====== Material for the task ======
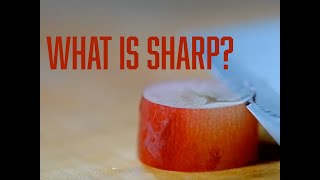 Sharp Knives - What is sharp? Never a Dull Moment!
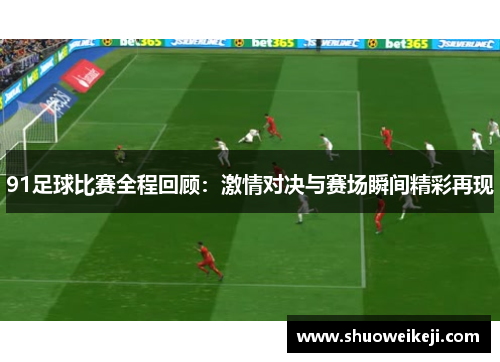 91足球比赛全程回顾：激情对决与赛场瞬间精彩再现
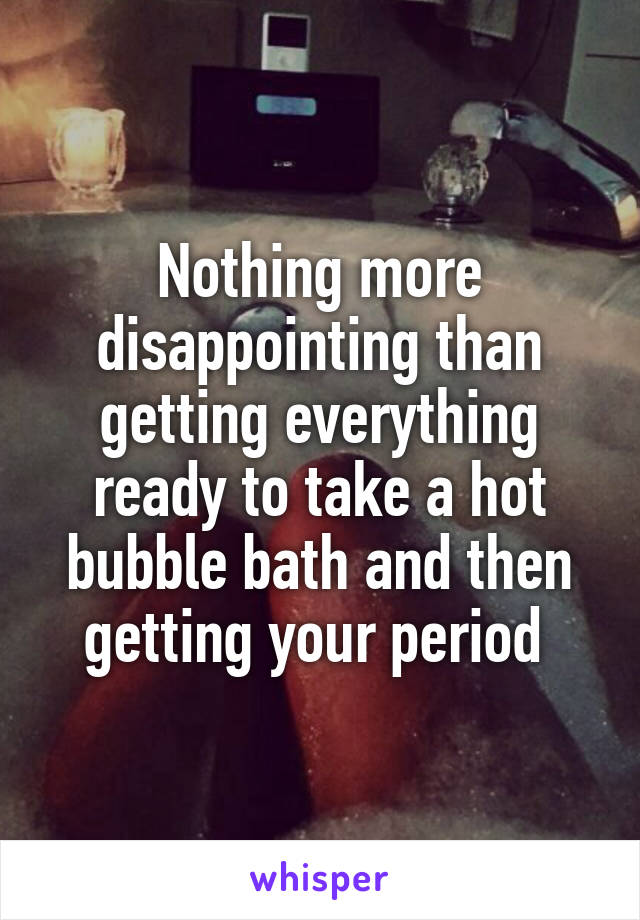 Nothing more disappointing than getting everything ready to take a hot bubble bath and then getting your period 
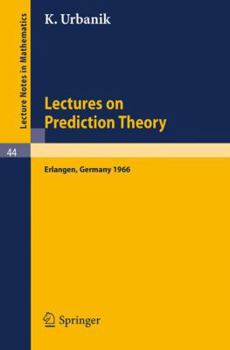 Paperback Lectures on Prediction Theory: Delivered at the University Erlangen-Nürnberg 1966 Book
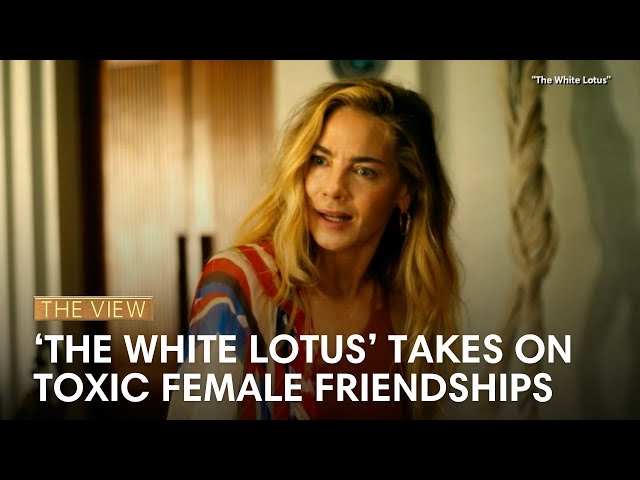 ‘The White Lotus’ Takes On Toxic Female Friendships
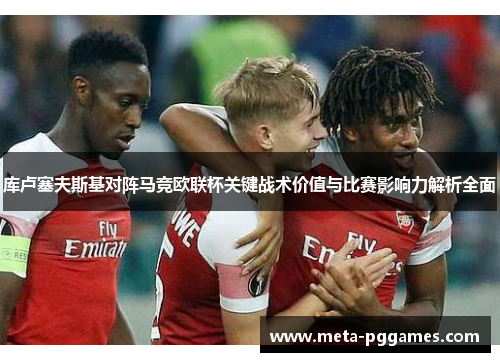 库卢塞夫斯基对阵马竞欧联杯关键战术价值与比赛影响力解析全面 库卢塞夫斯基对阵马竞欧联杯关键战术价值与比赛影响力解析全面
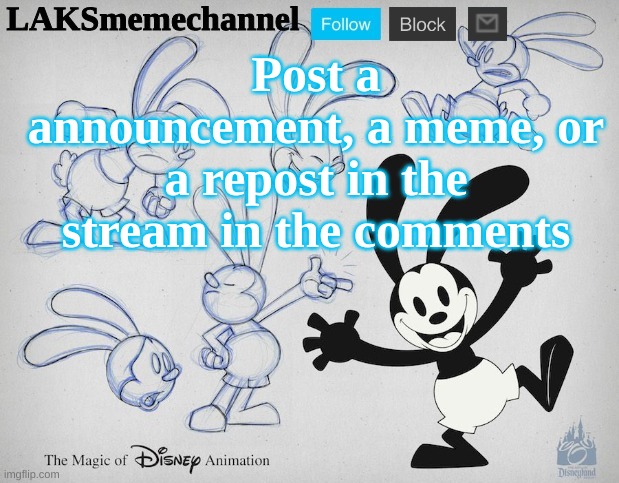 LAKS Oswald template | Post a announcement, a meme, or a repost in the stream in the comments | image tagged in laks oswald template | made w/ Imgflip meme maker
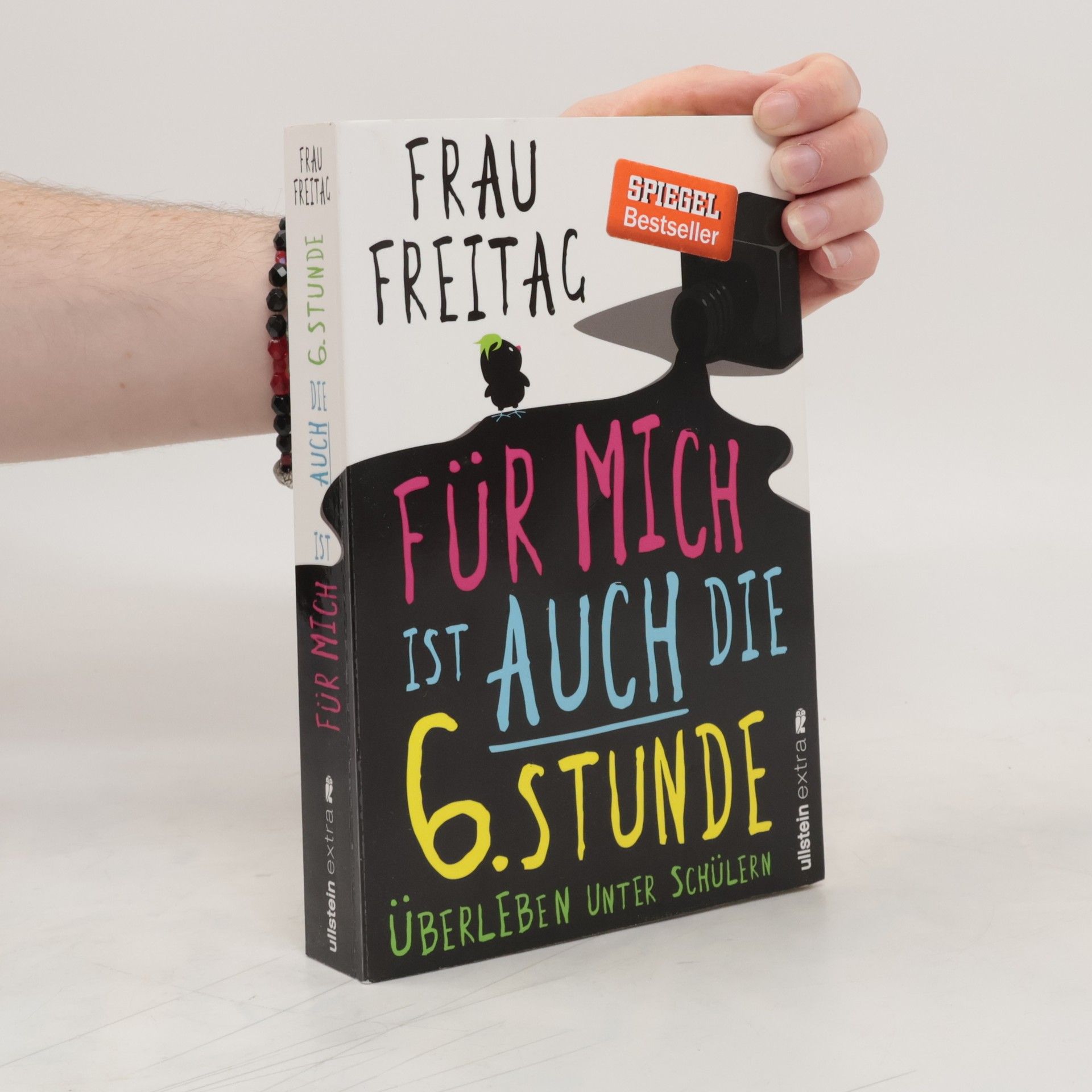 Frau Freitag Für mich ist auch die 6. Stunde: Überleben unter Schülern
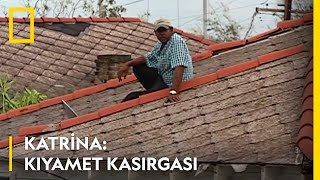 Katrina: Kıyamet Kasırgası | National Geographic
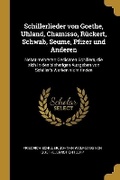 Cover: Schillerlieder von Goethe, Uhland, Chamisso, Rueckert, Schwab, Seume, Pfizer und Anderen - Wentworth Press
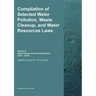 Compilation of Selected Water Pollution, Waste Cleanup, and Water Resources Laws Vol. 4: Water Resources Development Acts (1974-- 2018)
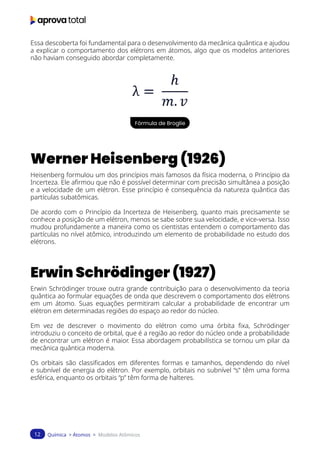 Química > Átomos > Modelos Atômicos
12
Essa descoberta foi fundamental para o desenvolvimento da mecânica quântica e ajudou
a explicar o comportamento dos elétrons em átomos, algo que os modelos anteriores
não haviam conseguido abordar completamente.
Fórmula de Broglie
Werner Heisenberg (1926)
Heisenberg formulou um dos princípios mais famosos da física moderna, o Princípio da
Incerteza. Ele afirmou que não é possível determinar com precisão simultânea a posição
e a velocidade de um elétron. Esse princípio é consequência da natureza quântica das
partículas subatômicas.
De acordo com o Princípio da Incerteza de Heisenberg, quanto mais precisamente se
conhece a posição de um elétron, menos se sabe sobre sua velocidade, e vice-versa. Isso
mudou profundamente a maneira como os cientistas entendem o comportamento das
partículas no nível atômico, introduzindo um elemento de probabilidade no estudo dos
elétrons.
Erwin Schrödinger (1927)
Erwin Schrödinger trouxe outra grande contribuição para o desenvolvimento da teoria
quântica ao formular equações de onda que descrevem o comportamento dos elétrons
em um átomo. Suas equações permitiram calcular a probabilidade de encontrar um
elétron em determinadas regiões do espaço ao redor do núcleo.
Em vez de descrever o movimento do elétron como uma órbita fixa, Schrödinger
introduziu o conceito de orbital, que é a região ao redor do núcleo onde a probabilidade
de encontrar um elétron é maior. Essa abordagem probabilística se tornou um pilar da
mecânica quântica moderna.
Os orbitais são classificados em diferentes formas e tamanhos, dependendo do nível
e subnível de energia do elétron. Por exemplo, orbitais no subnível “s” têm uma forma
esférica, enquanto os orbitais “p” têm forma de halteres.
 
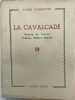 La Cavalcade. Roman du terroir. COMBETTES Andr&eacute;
======
Filter the entries by the string "como" and copy each matching line.

## Answer area
mudou profundamente a maneira como os cientistas entendem o comportamento das
Em vez de descrever o movimento do elétron como uma órbita fixa, Schrödinger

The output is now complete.